◆ **What the task requires**: From the line with "Training school lectern" to the line with "呼和浩特疫情最新数据消息(呼和浩特疫情最新消息2021)", retype each line exactly as it stands in the records below, but skip the pictures.

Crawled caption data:
-- Opening Marker --
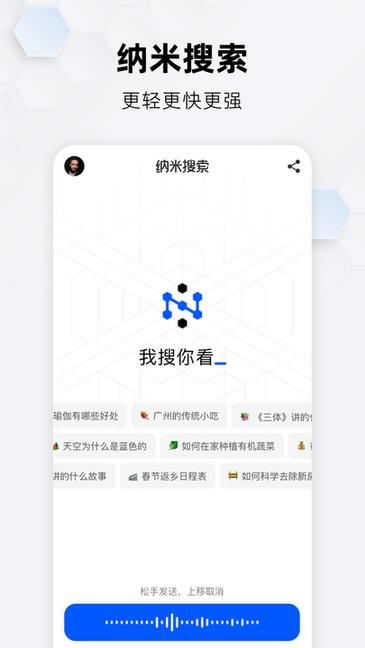 纳米搜索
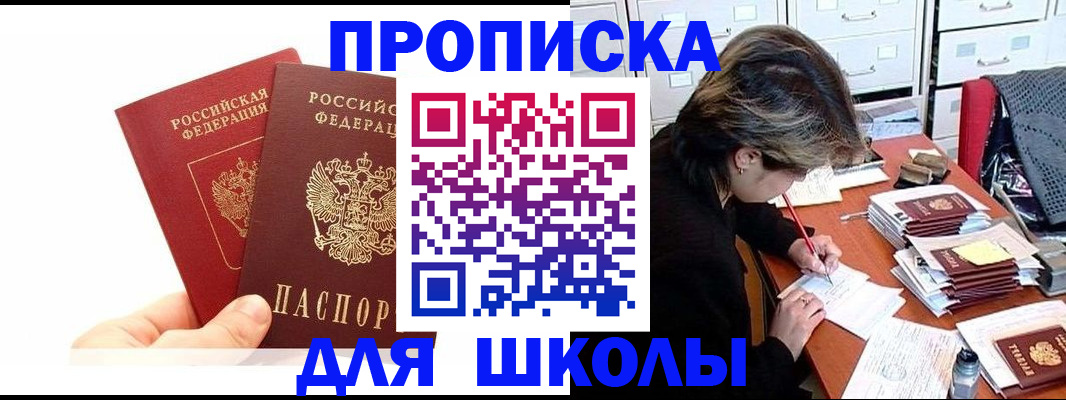 временная регистрация собственник в Энгельсе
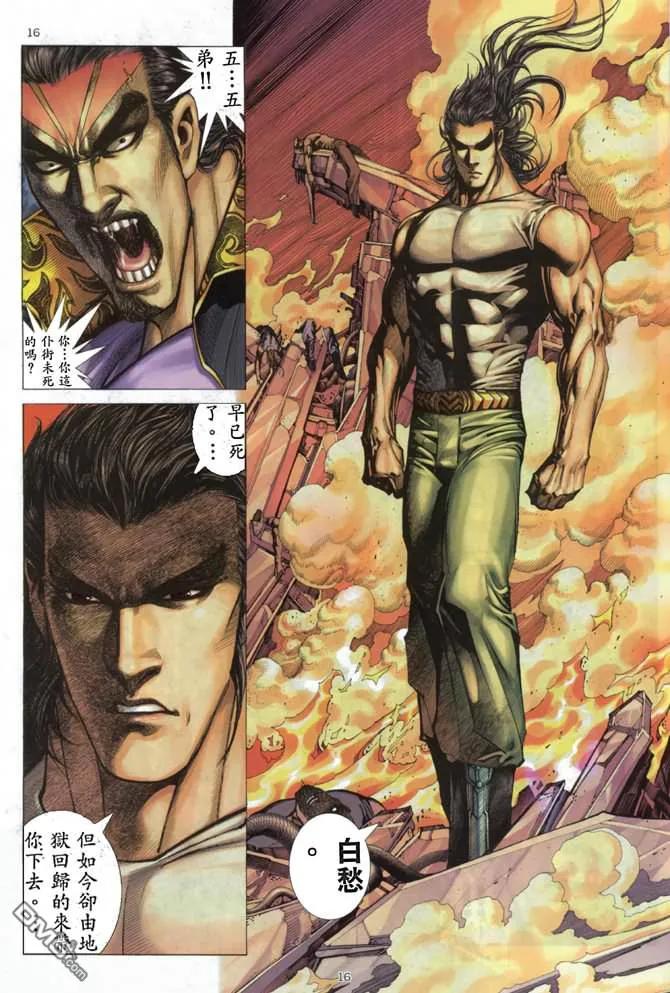 《武神》第170卷 第16页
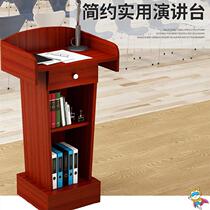 Training school lectern table Teacher classroom Welcome custom office speaker stand Vertical meeting with drawer meeting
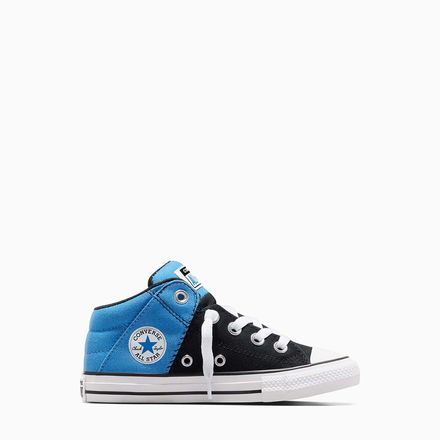 Zapatillas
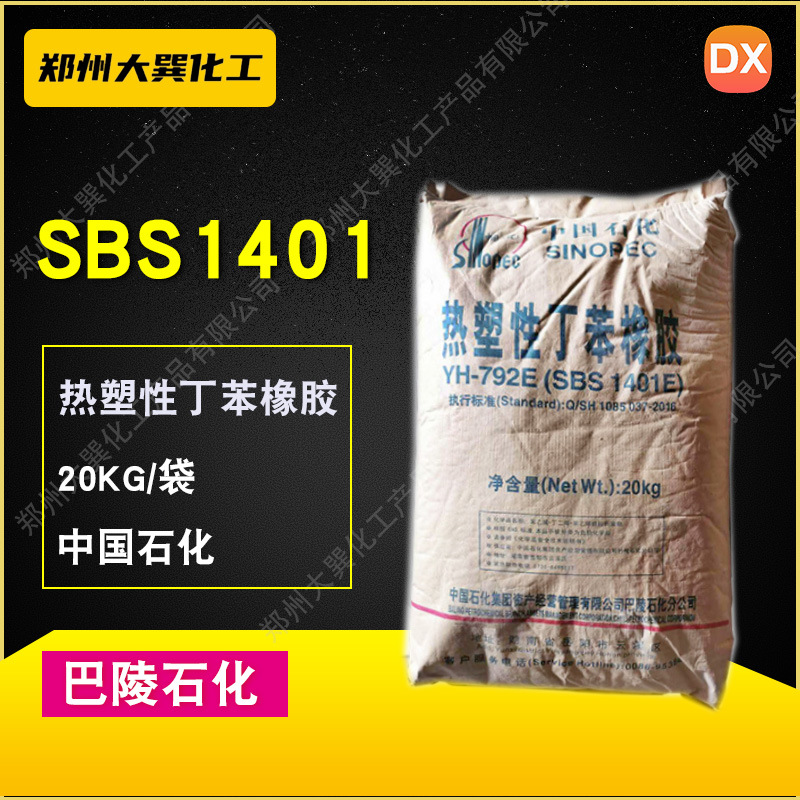SBS/巴陵石化/1401(YH-792)SBS1401 岳阳石化 热塑性丁苯橡胶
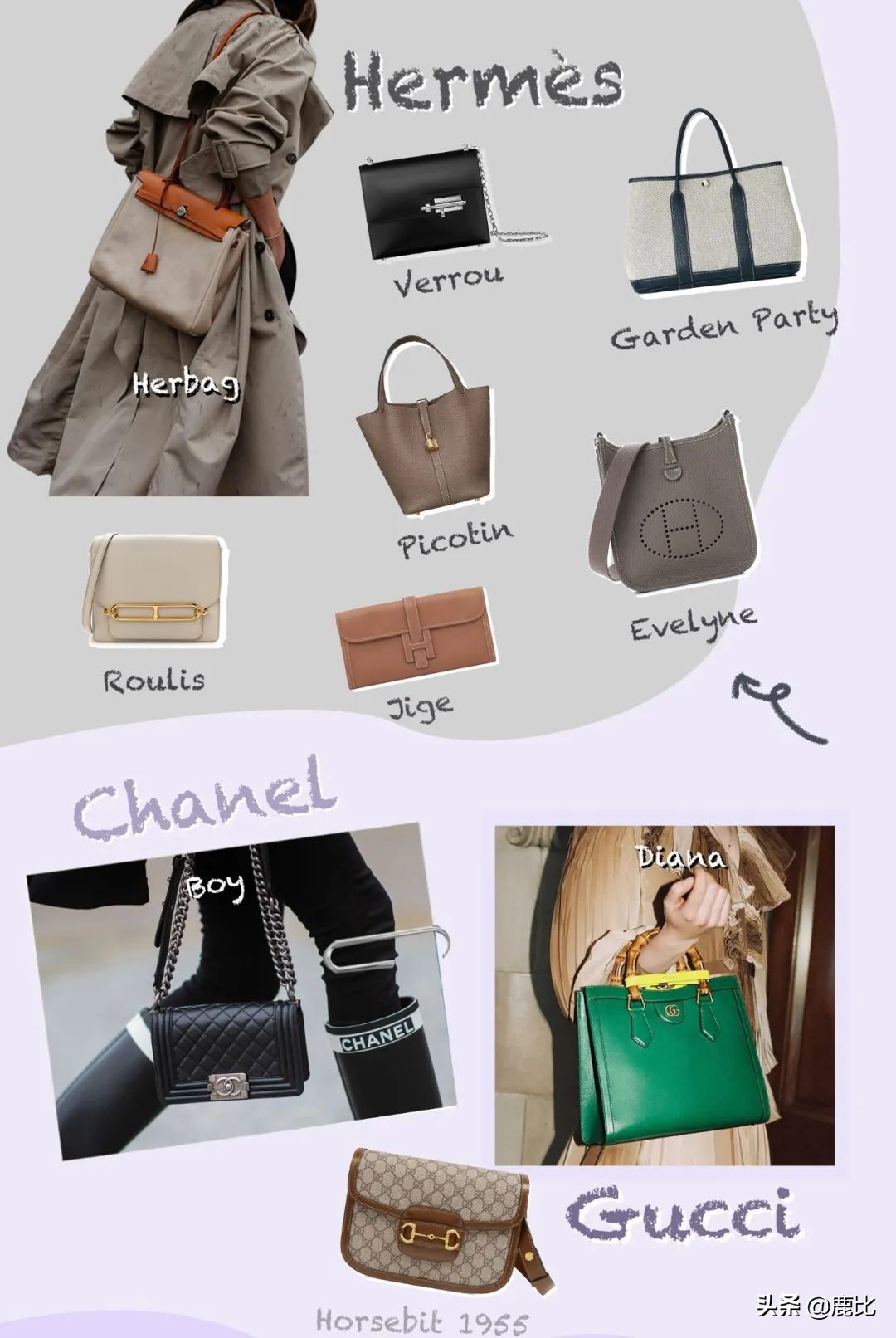 十大必买经典款包包,十款必买经典款包包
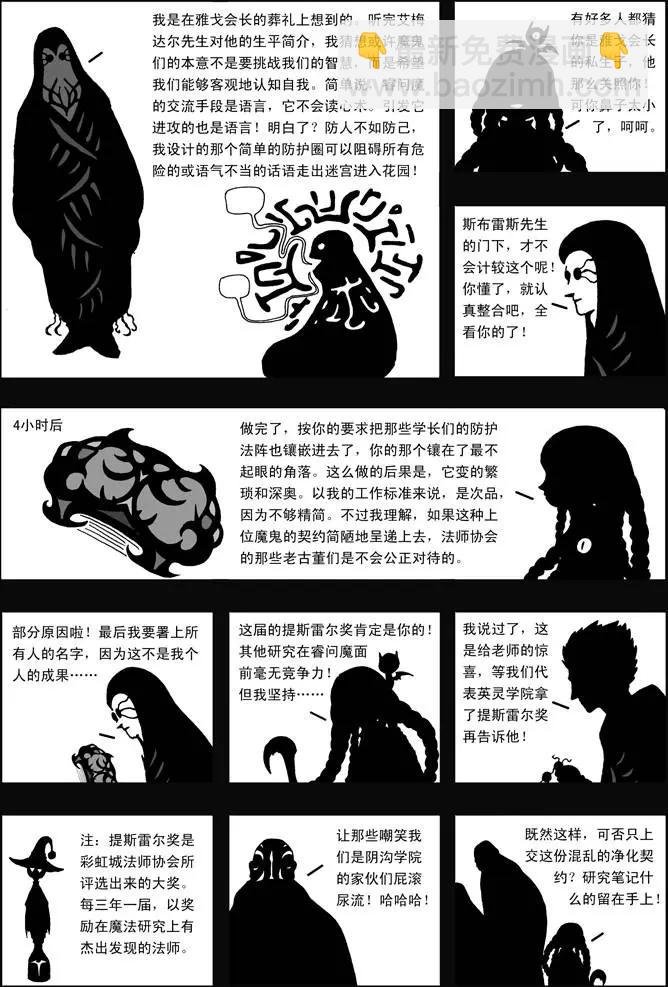 第37回 阴影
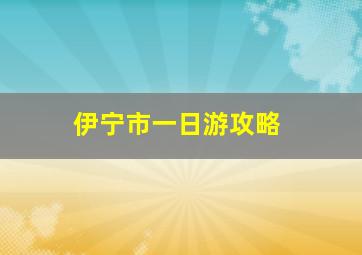 伊宁市一日游攻略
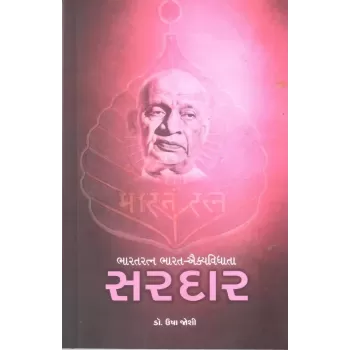 Bharatratna Bharat-Aikyavidhata Sardar By Usha Joshi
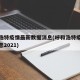 呼和浩特疫情最新数据消息(呼和浩特疫情最新消息2021)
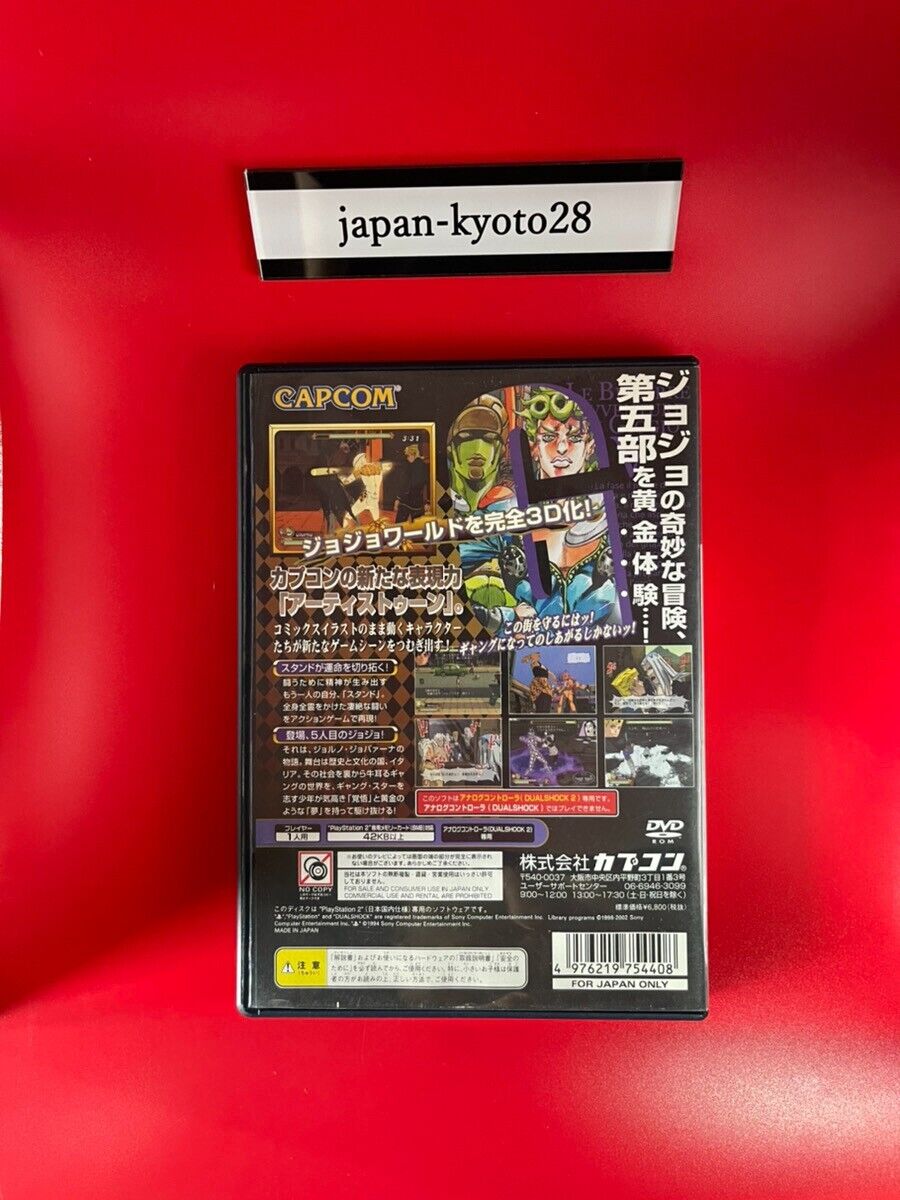 Jojo no Kimyouna Bouken Ougon no Kaze PS2 Capcom Sony Playstation 2  4976219754408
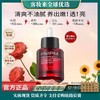 新升级PMPM墨红玫瑰舒缓柔润精华油套盒（30ml+15ml） 商品缩略图0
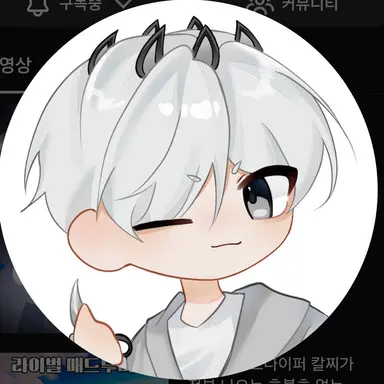 Profile image of 구피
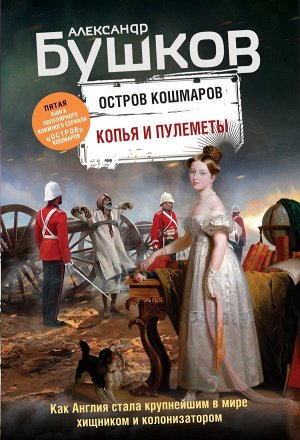 Бушков А.А. Копья и пулеметы. Пятая книга популярного книжного сериала "Остров кошмаров"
-- Closing Marker --
◆ **Task result**:
 Training school lectern table Teacher classroom Welcome custom office speaker stand Vertical meeting with drawer meeting
 Zapatillas
SBS/巴陵石化/1401(YH-792)SBS1401 岳阳石化 热塑性丁苯橡胶
 十大必买经典款包包,十款必买经典款包包
 第37回 阴影
 伊宁市一日游攻略
 Bharatratna Bharat-Aikyavidhata Sardar By Usha Joshi
 呼和浩特疫情最新数据消息(呼和浩特疫情最新消息2021)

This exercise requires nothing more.